Libéré de son espagnol, le don Quichotte de Damiano Michieletto est confiné dans un salon vert citron vintage, avec un mobilier qui respire le design emblématique d’une célèbre marque suédoise. Il y restera durant les cinq actes, à l’ouest la plupart du temps, dans un mélange de tranquillisants et d’alcool parmi des manuscrits déchirés après de nombreuses tentatives avortées d’écrire sa vie. Bref, un tableau clinique de perdant qui ferait flipper s’il n’y avait pas de véritables moments burlesques, la générosité de Sancho Pansa, soignant, majordome et cuisinier, sur une musique de scène brillante et inventive.

Dès le deuxième acte la magie opère, les chevaux de manège descendent des cintres et volent en arrière-plan, les prétendants surgissent des plis du canapé, du fond de la bibliothèque, sous le tapis, tels des diablotins ou des tortues ninja des dessins animés. A la place des moulins à vent, des couples de danseurs de flamenco masqués vêtus de noir comme des ombres chinoises donnent à cette comédie tragique des allures de farce funèbre d’une dimension onirique et picturale exceptionnelle. Les lignes de tension entre le kitsch et le sublime, le sacré et le profane, créent un langage esthétique extraordinaire dans un salon qui s’ouvre en profondeur telle une conque en spirale vers l’infinité du temps et de l’espace. Chevalier ” avec un visage triste » fait courir les moulins à vent avec pour seule arme un lampadaire, dans une séquence à la Chaplin, tournant sur lui-même sous les cuivres d’un ostinato de plus en plus frénétique.

On comprend ensuite que tout n’est qu’une vision d’un homme qui n’a plus la tête froide et qui, le soir de sa mort, revit les scènes marquantes de sa jeunesse auréolée de son amour impossible pour Dulcinée. La place publique, devant la maison de la belle, prend des allures de comédie musicale américaine au style très West Side Story où s’affrontent des gangs rivaux, les prétendants en blazers étudiants, Marine Chagnon, Emy Gazeilles et Nicholas Jones, viennent narguer « le fou » ballotté au milieu d’une foule indifférente. Il faut saluer la chorégraphie remarquable de Thomas Wilhelm, et l’éclat du chœur parfaitement sollicité lors des scènes de bal, qui rappellent les booms surannés des années yéyé, en jeans et blousons de cuir, sur des mouvements de danse qui brouillent l’image d’un tel rêve.

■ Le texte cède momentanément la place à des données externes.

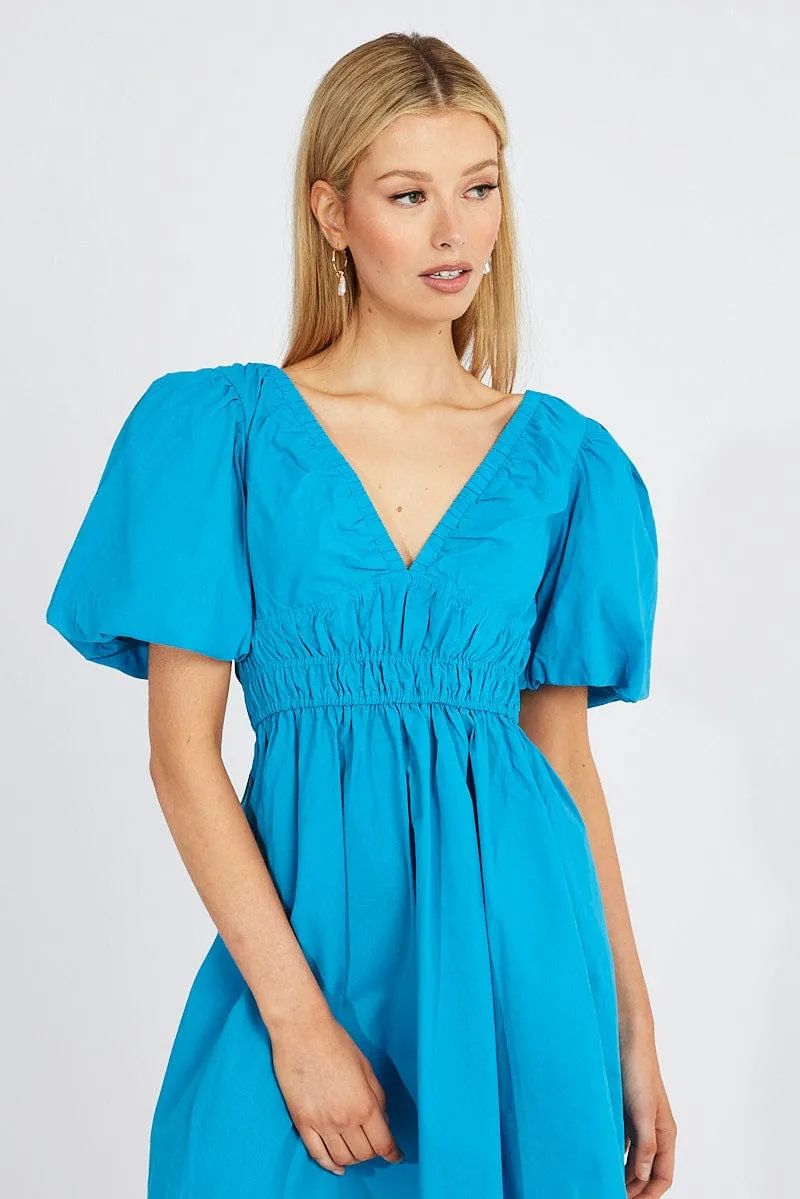 Surf Mood Outdoor Pants Blue Fit And Flare Dress V-Neck Mini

Bref, vous l’aurez compris, le plaisir du spectateur tient plus à la beauté plastique de l’œuvre qu’au lyrisme lui-même du personnage, sauf à l’acte V, lors de sa déchirante agonie parlée et chantée dans les bras de son fidèle Sancho, le seul à avoir vraiment compris, accepté et aimé ce vaillant poète qui ressemble aux albatros de Baudelaire, » rois d’azur, maladroits et honteux qui laissaient piteusement traîner à côté d’eux leurs grandes ailes blanches comme des rames « . Le couple Christian Van Horn dans le rôle titre et Etienne Dupuis dans Sancho sont, outre la mise en scène, la véritable réussite de ce spectacle. Ces comédiens talentueux possèdent une tessiture vocale qui révèle mille nuances du burlesque au tragique. La voix de basse du chanteur américain, d’une profondeur incroyable, est d’une délicatesse poignante lors de sa déclaration d’amour” Quand les étoiles apparaissent… » et sa dernière prière « Seigneur, aie pitié de mon âme. » Son compagnon à la tessiture baryton musclée donne au rôle la vitalité et l’humour qui lui conviennent, malmenant gentiment son maître trop exalté, le rassurant lors des crises mélancoliques. Gaelle Arquez, avec son timbre chaud et souple puissamment projeté, est en totale symbiose avec la musicalité du rôle. Sa voix fruitée et son allure de reine font d’elle un objet de désir convoité par une multitude de prétendants, elle vocalise pleinement et son ton de velours se colore d’une lassitude sourde face au vieillissement avec beaucoup d’empathie pour son chevalier désemparé.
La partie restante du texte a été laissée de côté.